図3に示すように、本発明の第一実施形態に係る多層伝送線路板1Aは、一対のグランド層11、21と、一対のグランド層11、21のうち一方のグランド層11と他方のグランド層21との間に配置された差動配線91と、差動配線91と一方のグランド層11との間に配置された絶縁層(1−I)31と、差動配線91と他方のグランド層21との間に配置された絶縁層(1−II)32とを含む。
絶縁層(1−I)31と絶縁層(1−II)32は、ガラスクロスと樹脂組成物とを含有する層であり、絶縁層(1−II)32におけるガラスクロスと樹脂組成物との誘電率の差は1.0以下である。絶縁層(1−II)32におけるガラスクロスと樹脂組成物との誘電率の差は小さいほど好ましく、誘電率の不均一性を軽減する観点から、0.5以下が好ましく、0.1以下がより好ましい。
なお、絶縁層(1−I)31におけるガラスクロスと樹脂組成物との誘電率の差は、1.0を超えていても、1.0以下でも、いずれでも構わない。
本発明の第一実施形態に係る多層伝送線路板1Aは、従来の伝送線路板におけるガラスクロスを含有する材料で構成されていた絶縁層の一部に、誘電率の差が小さいガラスクロスと樹脂組成物とを含有する材料を用いることで、誘電率の不均一性を軽減することにより、スキューを低減することができると考えられる。
図6に従来の多層伝送線路板4Aの模式的断面図を示す。従来の多層伝送線路板4Aは、プリプレグの両面に銅箔を積層して硬化することにより得られた積層板の片側の銅箔に回路加工を施すことにより、一方の面に差動配線94を、他方の面にグランド層24を配置した絶縁層62を形成し、その差動配線94側の面に更に絶縁層61を形成するためのプリプレグとグランド層14を構成する銅箔とをこの順に積層して成形する方法により製造していた。
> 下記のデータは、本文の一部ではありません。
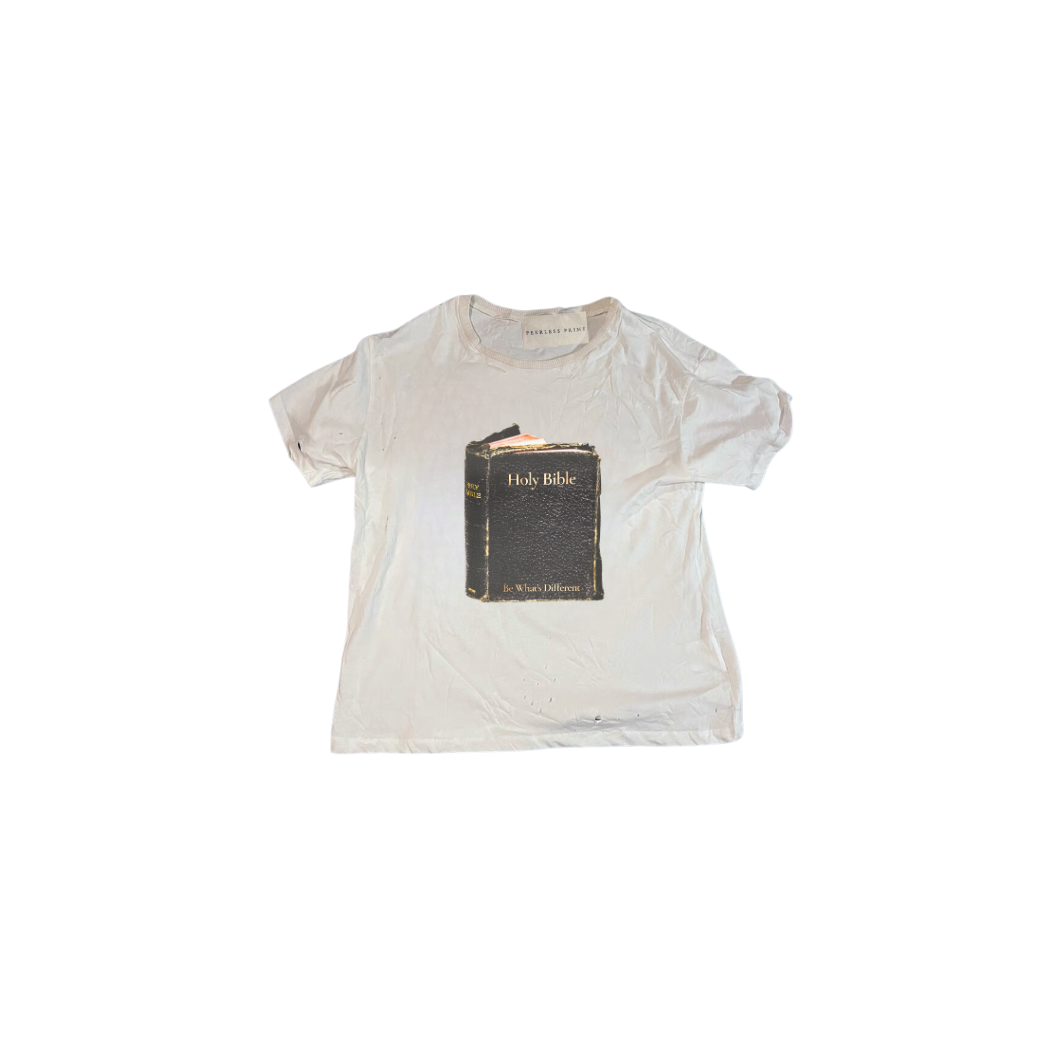 “The Weapon” Vintage Tee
また、絶縁層61、62において、ガラスクロスと樹脂組成物との誘電率の差は1.0を越えていた。
本発明の第一実施形態に係る多層伝送線路板1Aは、図6に示す従来の多層伝送線路板4Aにおける絶縁層62を、ガラスクロスと樹脂組成物との誘電率の差が1.0以下である絶縁層(1−II)32に変更することで、スキューの低減を図ることができる。
(グランド層11、21)
グランド層11、21としては、特に限定されるものではないが、従来のプリント配線板等の導電層に適用されるものを適用することができ、例えば、金属箔から構成されるものを適用することができる。
金属箔としては、例えば、銅箔、ニッケル箔、アルミ箔等を適用することができ、取り扱い性及びコストの観点からは、銅箔を適用することができる。
また、グランド層11、21に金属箔を適用する場合、その防錆性、耐薬品性、耐熱性等を向上させる観点から、ニッケル、錫、亜鉛、クロム、モリブデン、コバルト等によるバリアー層形成処理が施されていてもよい。また、金属箔は、絶縁層との接着性を向上させる観点から、表面粗化処理、シランカップリング剤等による処理などの表面処理が施されていてもよい。
グランド層11、21に適用される金属箔としては、市販品の金属箔を用いてもよい。市販品の金属箔としては、例えば、銅箔である「F2−WS」(古河電気工業株式会社製、商品名、Rz=2.0μm)、「FV−WS」(古河電気工業株式会社製、商品名、Rz=1.5μm)、「3ECVLP」(三井金属鉱業株式会社製、商品名、Rz=3.0μm)等が商業的に入手可能である。
グランド層11、21は、1種の金属材料からなる単層構造であってもよく、複数の金属材料からなる単層構造であってもよく、更には異なる材質の金属層を複数積層した積層構造であってもよい。また、グランド層11、21の厚さは、特に限定されず、求める性能等に応じて適宜決定すればよい。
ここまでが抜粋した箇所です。